Russia's federal atomic energy agency has signed an agreement with the Burmese regime to build it’s first nuclear power plant. The project aims to balance ex Burma’s total dependence on neighbouring power China. The US protests: too high a risk.

Mosca (AsiaNews/Agencies) – Russia will provide Myanmar with it’s first nuclear reactor. The move has dismayed the United States which has long campaigned for an acceleration in ex Burma’s democratic process.  Russia's federal atomic energy agency,  Rosatom, said it had reached a deal with the military junta to build a nuclear research centre. The plant will have a light-water reactor with a capacity of 10MW. It will use 20 per cent-enriched nuclear fuel.

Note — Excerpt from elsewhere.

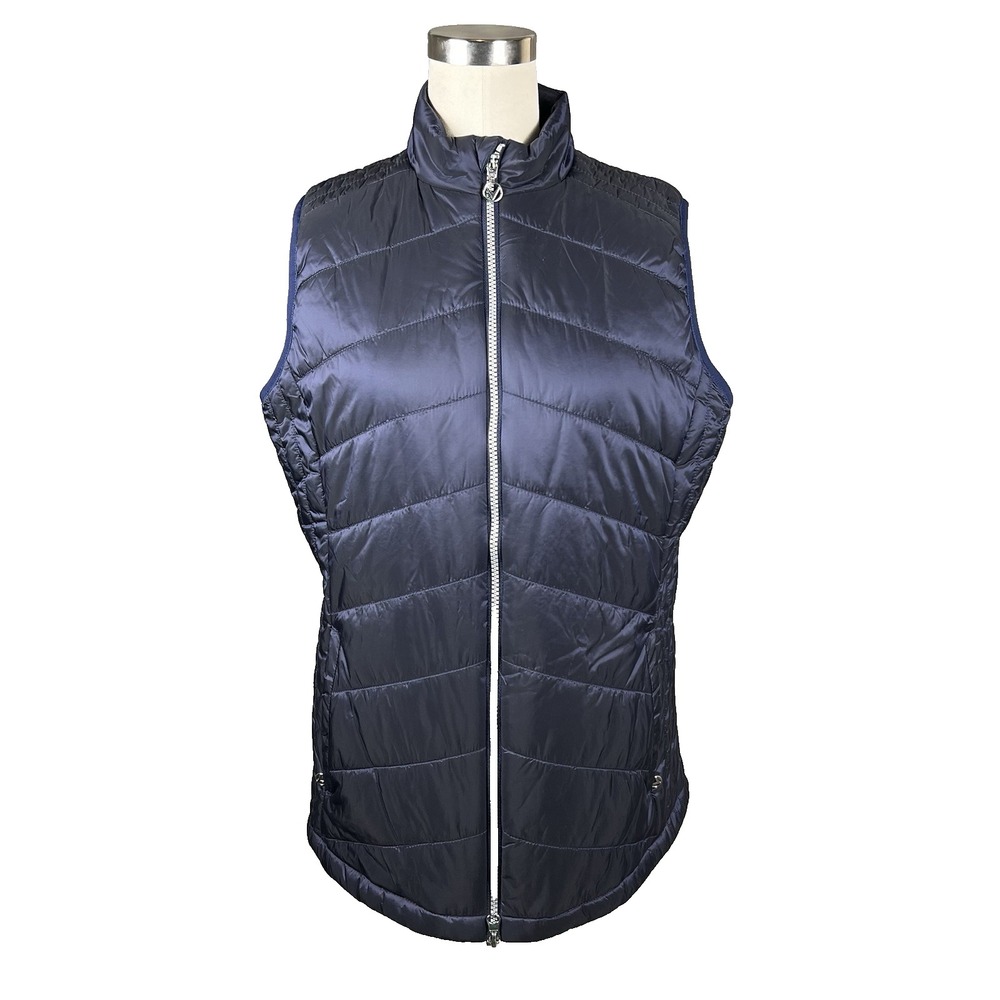 CALLAWAY Vest Jacket Women Size L Blue Pockets Chin Guard Draw Cord Waist Zipper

Russia's federal atomic energy agency insisted Myanmar had a right to peaceful nuclear technology - and said that there was "no way" it could use the reactor to develop nuclear missiles. The United States do not agree, they claim the country is not equipped with the necessary security standards to handle the atomic material; US State Department deputy spokesman Tom Casey said main concerns include “the possibility for accidents, for environmental damage, or for proliferation simply by the possibility of fuel being diverted, stolen or otherwise removed”.

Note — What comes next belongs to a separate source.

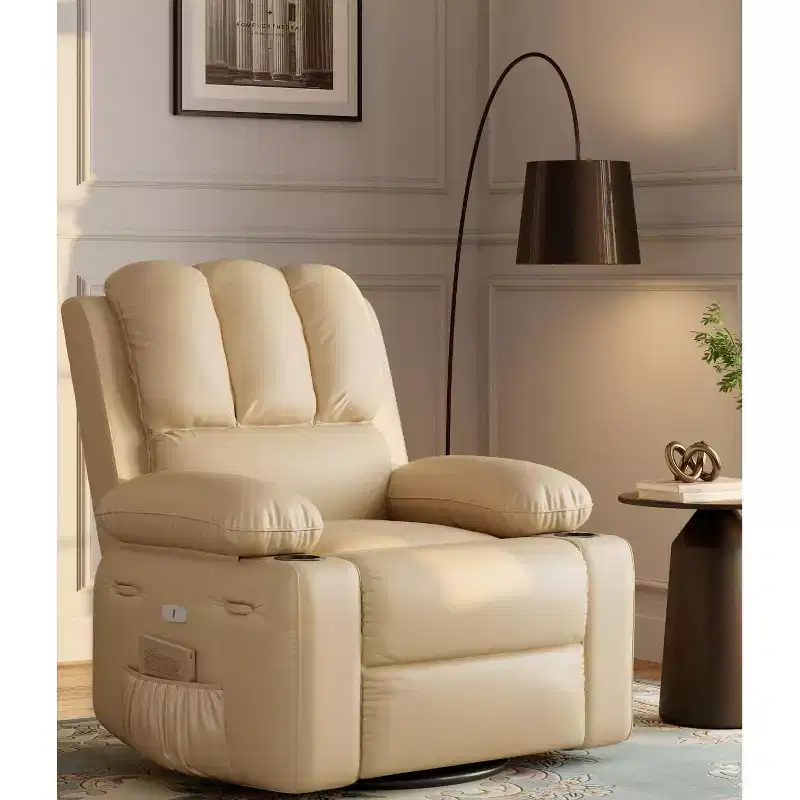Faux Leather Swivel Rocking Recliner for Adults with Remote Control, Cup Holders, Lounge Chair for Living Room, Bedroom, Nursery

Moscow maintains that construction of the Burmese nuclear power plan twill take place under the strict supervision of the International Atomic Energy Agency, IAEA.  It is still unknown, however where exactly the plan twill be built; unofficial sources speak of Pwint Phyu, a small city in the centre of the country, in the region of Magwe.

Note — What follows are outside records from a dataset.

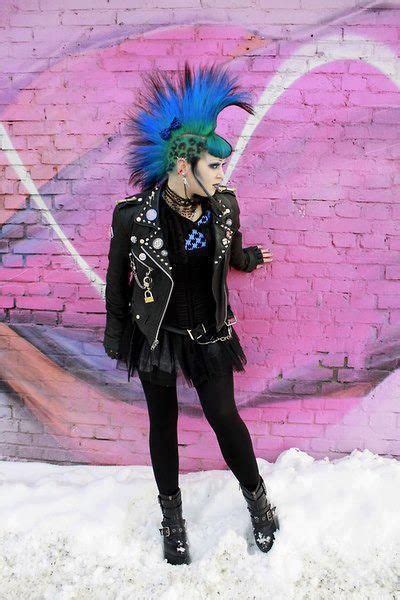 Blue Mohawk Punk Girl Punk Fashion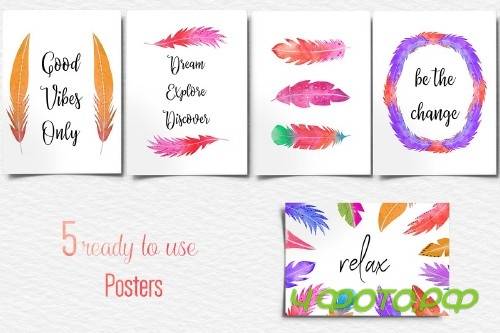 Watercolor Feather Clipart - 4183917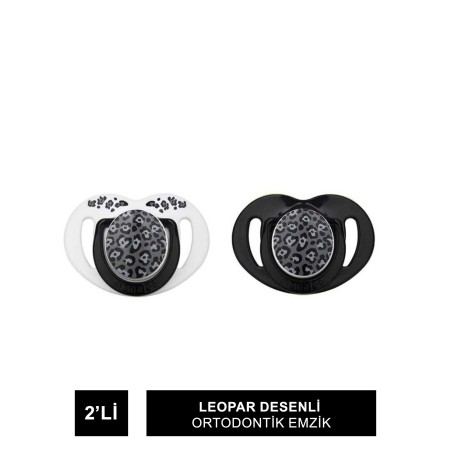 Mamajoo Sterilizasyon & Saklama Kutulu Leopar Desenli İkili Ortodontik Emzik 0 Ay+ (S. K. T. 02-2027)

Myanmar has been under US and European sanctions since 1990, when the junta refused to accept the election victory of the opposition leader, Aung San Suu Kyi. The impact of the sanctions has been muted, however, because of countries such as China, India, Russia and Thailand, which are spending billions of dollars to gain a share of Myanmar's vast energy resources. Analysts believe its leaders have sought Russia's help in an attempt to balance its traditional and lopsided dependence on China.